Scientists have developed membranes that separate carbon dioxide from nitrogen. The membranes feature porous graphene decorated with polymers and use interactions between the polymers and carbon dioxide to create a system that can selectively filter carbon dioxide out of flue gas.
Carbon capture and storage remains one of the most promising strategies to limit the impact of carbon emissions. Some industrial plants already capture carbon dioxide using amine sorbents, where heating regenerates the amines and removes the carbon dioxide – but this process is energy intensive.

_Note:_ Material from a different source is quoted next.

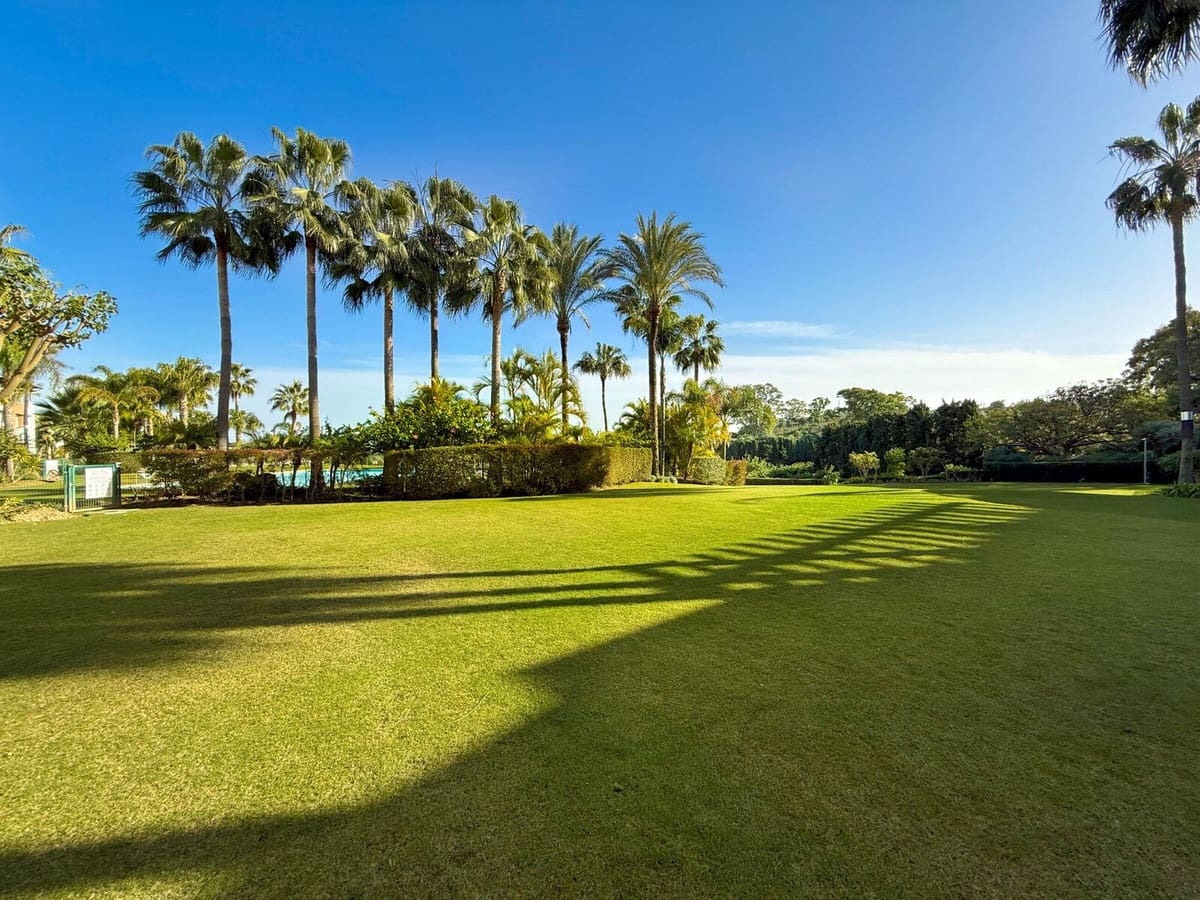 3 bedroom Penthouse for sale in Estepona with pool garage - € 485,000 (Ref: 9821743)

Now, scientists led by Kumar Agrawal at the Swiss Federal Institute of Technology Lausanne (EPFL) have designed a polymer-functionalised graphene membrane that could rival industry’s current approach and present a more energy efficient method to filter carbon dioxide out of industrial emissions. ‘We designed the membrane while optimising the two aspects that are key for separation: the selective layer thickness and the affinity for carbon dioxide,’ says Argawal.
Unlike sorbents, membranes operate in a steady state. Carbon dioxide in the flue gas pumped onto the membrane interacts with the polymers on the surface. These interactions build up a higher concentration of carbon dioxide than nitrogen at the interface and the concentration difference causes carbon dioxide to pass through the membrane’s pores. ‘In a way we are regenerating it automatically,’ explains Argawal.
The membranes, which are much thinner than existing membranes, have a selectivity of 22.5 and permeance of 6180 gas permeation units (GPU), exceeding the targets of 20 and 1000 GPU set by the US Department of Energy. This means that the membrane blocks 96% of the nitrogen in the flue gas, yet lets through a small amount to ensure its pores aren’t blocked off by nitrogen, which keeps carbon dioxide filtering through quickly.
‘The most impactful aspect is the preparation of high-quality samples of single-layer porous graphene-polymer hybrid membranes,’ comments Sankar Nair, who researches the use of nanoporous membranes in renewable and clean energy at Georgia Institute of Technology, US. ‘Practical large-scale applications may have a longer way to go.’
While the team has only made centimetre-sized versions of their membrane, Agrawal says they could ultimately alter carbon capture technology, as well as other industrial separations. ‘If you can do it for carbon dioxide and nitrogen, you can do it for any molecule.’